Очень медленно и с ужасным сожалением я отстраняюсь. Чудище открывает глаза. Какой же теплый у него взгляд.
— Ты же должен быть страшно зол на меня, — шепчу я. — Я столько раз тебе лгала! Не сказала почти ни слова правды.
Вот так я пытаюсь возвести между нами хоть какое-то подобие стены, потому что иначе за себя не ручаюсь.
Он очень тяжело вздыхает, потом делает шаг в сторону и опирается о ближайшее дерево, чтобы дать отдых больной ноге.
— А я и был зол, — говорит он. — Поначалу. Очень уж не люблю, когда меня водят за нос. Да еще и… кто-то из семьи д'Альбрэ. Мне казалось, это сами боги взялись надо мной насмехаться. Я сидел и перебирал все, что ты мне говорила, все, что делала. Я думал, что обозлюсь еще больше, а оказалось, что на словах ты, может, и лгала, но вот деяния твои всегда были правдивы. Ведь я в самых тяжелых обстоятельствах тебя повидал. Ты везла меня, беспомощного, через всю страну, спасала от вражеских воинов и лазутчиков и меньше всего думала о собственной безопасности и удобстве! Ты больше заботилась о дочке мельника и нищих угольщиках, чем о себе. И ты убивала людей д'Альбрэ с улыбкой на устах и радостью в сердце.
Я смотрю на него, не в силах ответить ни слова. Он рассказывает о девушке по имени Сибелла, но я не знаю такой.

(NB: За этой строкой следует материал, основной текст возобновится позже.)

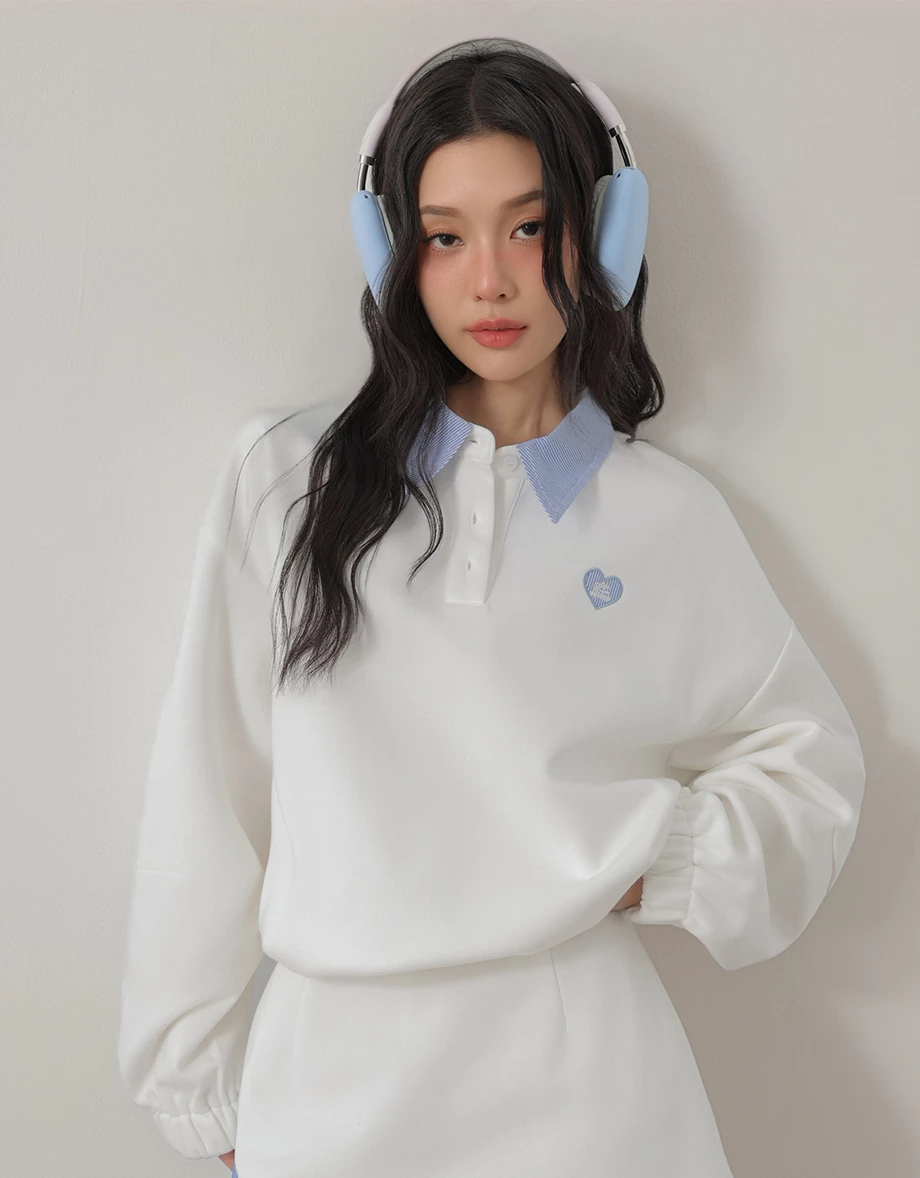 Contrast Striped Collar Heart Patch Elastic Hem Polo Sweatshirt Top Contrast Striped Collar Heart Patch Elastic Hem Polo Sweatshirt Top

Он проводит ладонью по волосам.
— Потом, — продолжает он, — я перестал злиться, но возмутился по другой причине: значит, ты совсем мне не доверяла, раз не отважилась рассказать правду! И тогда я понял: ведь я же все воспринял именно так, как ты и предвидела. Значит, и не заслуживал доверия. — Он снова становится очень серьезен. — Сибелла, я много раз видел, как ты делаешь выбор. Все было против нас, но ты всегда выбирала верно. Так, чтобы помочь наибольшему числу людей и как можно меньше навредить всем остальным. Вот поэтому я и не держу на тебя обиды.
Я безотчетно тянусь к нему и прикладываю ладонь к его щеке. Мне хочется увериться, что он живой и настоящий, что передо мной не видение, состряпанное моим перенапряженным рассудком. Кожа у него теплая, жесткие усы щекочут мне пальцы.
— Сколько же места в твоем сердце… — произношу я тихо.
Что-то мелькает в его глазах. Боль, горечь… но все это тотчас пропадает.
— Потому что мне не с кем было его делить после того, как не стало Элизы.
Тут в лагере поднимается крик, сопровождаемый звоном стали. Визжит женщина.
Чудище отталкивается от дерева и торопится на поляну со всей скоростью, какую позволяет больная нога. Я подхватываю юбки и спешу следом.
Возле костров, разведенных для стряпни, назревает драка. Две женщины из числа угольщиц встревоженно озираются по сторонам. Одну я узнаю, это Малина, вторая, помоложе, мне незнакома. Эрван, Лазаре и Граелон заслоняют их собой. Перед ними двое воинов Чудища, один из них, бритоголовый, с холодными глазами, держит наготове меч.